RegEx start with, contains these, not end with? - javascript

I need a regular expression to find all comparison parts in the following example.
var magicalRegex = "";
var example = '({Color}=="red"|{Color}=="yellow")&{Size}>32';
example.replace(magicalRegex, function (matchedBlock) {
console.log(matchedBlock);
});
//so i want to see the following result on console
//{Color}=="red"
//{Color}=="yellow"
//{Size}>32
In fact i did some things but couldn't complete, also you may check the following template which i couldn't complete.
\{.*?(==|>)
https://regex101.com/r/aodDeX/1
Thanks

Answer
According to the example you have on regex101 as well as the string you have in your code snippet (two different strings) the following regex will do exactly what you want.
Answer 1
({.*?}(?:==|>)(?:\d+|(?:(["']?).*?\2)))
You can see this regex in use here
Answer 2
Note that I've added both single and double quotes in the above regex. If you only need double quotes, use the following regex.
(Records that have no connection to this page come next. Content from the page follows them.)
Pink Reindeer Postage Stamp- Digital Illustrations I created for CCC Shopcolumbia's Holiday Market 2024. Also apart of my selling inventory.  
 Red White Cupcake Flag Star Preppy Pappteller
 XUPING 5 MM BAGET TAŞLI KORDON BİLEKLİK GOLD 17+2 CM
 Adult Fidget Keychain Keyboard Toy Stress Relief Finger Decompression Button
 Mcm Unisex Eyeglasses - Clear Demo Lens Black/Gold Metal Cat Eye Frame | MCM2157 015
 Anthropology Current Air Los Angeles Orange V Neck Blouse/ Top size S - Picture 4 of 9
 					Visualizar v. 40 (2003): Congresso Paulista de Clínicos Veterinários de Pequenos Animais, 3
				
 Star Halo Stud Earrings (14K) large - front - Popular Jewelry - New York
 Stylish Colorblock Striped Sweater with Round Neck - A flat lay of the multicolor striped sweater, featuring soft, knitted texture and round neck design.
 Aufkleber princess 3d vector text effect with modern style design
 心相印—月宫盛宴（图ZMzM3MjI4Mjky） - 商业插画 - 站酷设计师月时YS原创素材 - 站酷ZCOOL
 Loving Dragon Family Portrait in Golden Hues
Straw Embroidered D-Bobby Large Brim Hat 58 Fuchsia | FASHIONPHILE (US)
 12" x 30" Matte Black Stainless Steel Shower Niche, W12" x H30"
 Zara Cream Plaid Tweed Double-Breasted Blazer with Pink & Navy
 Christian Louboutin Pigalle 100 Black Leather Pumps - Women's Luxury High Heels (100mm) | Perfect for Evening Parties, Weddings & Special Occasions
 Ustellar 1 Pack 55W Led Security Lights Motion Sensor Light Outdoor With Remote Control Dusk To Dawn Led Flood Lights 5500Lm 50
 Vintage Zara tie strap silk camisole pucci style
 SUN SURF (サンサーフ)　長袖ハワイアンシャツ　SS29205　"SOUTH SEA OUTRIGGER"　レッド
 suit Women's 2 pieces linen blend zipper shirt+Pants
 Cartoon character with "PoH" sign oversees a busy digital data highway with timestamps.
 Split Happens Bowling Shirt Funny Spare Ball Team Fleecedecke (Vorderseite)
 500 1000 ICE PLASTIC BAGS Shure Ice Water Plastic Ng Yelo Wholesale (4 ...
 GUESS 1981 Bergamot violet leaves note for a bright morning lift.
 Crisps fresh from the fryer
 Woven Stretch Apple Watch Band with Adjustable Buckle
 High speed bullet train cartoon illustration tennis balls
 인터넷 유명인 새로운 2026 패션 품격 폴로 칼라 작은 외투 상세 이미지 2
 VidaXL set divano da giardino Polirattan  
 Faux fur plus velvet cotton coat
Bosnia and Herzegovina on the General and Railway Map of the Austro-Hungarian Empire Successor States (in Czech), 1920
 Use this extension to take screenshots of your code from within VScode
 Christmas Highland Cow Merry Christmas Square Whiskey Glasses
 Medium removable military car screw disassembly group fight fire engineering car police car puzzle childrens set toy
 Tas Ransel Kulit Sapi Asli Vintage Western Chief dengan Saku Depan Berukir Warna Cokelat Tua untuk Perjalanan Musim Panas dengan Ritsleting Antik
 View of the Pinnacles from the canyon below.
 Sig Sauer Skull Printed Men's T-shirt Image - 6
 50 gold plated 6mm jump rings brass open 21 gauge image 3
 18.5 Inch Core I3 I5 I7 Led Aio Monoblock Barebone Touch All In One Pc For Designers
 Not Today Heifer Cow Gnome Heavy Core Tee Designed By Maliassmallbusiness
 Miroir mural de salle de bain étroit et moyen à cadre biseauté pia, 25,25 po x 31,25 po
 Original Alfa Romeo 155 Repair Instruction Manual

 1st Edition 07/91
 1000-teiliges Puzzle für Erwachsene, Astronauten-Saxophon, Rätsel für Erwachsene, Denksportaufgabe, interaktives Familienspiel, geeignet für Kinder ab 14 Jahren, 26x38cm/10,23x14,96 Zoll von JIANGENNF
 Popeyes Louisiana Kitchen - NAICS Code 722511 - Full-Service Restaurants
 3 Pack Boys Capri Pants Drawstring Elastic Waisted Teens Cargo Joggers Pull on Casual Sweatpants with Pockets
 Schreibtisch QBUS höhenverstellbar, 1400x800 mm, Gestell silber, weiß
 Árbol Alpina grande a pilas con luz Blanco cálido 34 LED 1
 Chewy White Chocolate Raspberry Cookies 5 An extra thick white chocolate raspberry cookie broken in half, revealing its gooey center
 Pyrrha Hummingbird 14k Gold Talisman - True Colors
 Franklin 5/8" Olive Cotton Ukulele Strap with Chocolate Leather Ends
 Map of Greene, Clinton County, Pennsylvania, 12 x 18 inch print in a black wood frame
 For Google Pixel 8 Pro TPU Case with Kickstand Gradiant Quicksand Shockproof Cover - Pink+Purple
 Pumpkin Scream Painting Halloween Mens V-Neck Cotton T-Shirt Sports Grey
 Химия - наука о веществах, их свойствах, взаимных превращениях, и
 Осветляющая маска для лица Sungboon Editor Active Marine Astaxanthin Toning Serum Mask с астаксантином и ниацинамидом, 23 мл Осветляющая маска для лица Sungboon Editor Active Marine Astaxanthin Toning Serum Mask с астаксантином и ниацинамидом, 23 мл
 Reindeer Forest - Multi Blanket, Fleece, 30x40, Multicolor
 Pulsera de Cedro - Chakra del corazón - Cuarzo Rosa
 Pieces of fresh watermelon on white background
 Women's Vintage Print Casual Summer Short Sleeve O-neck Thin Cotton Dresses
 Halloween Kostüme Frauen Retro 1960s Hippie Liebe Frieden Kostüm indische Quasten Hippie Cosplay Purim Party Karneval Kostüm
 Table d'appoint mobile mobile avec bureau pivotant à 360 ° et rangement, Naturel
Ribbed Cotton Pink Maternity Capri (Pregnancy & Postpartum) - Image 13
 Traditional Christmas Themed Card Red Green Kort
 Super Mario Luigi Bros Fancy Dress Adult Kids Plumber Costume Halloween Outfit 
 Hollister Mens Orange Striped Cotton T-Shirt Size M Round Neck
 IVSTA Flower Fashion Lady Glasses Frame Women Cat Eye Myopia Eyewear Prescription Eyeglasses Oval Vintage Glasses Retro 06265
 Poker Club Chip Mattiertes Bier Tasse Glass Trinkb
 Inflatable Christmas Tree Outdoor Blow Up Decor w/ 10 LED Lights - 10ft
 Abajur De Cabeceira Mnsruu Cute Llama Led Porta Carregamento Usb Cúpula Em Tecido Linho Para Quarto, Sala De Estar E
({.*?}(?:==|>)(?:\d+|".*?"))
You can see this regex in use here
Explanation
These regular expressions work as follows:
Match {, followed by any character (except newline) any number of times, but as few matches as possible, followed by }
Match == or >
Match a digit one to unlimited times or match a quoted string (any character any number of times, but as few matches as possible) e.g. "something"
The regex captures the entire section and if you look at the examples on regex101 as presented, you can see what each capture group is matching. You can remove the capture groups if this is not the intended use.
Expected Results
Input
Note that the two strings below were used for testing purposes. One string is present in the question and the other is present in the link provided by the OP.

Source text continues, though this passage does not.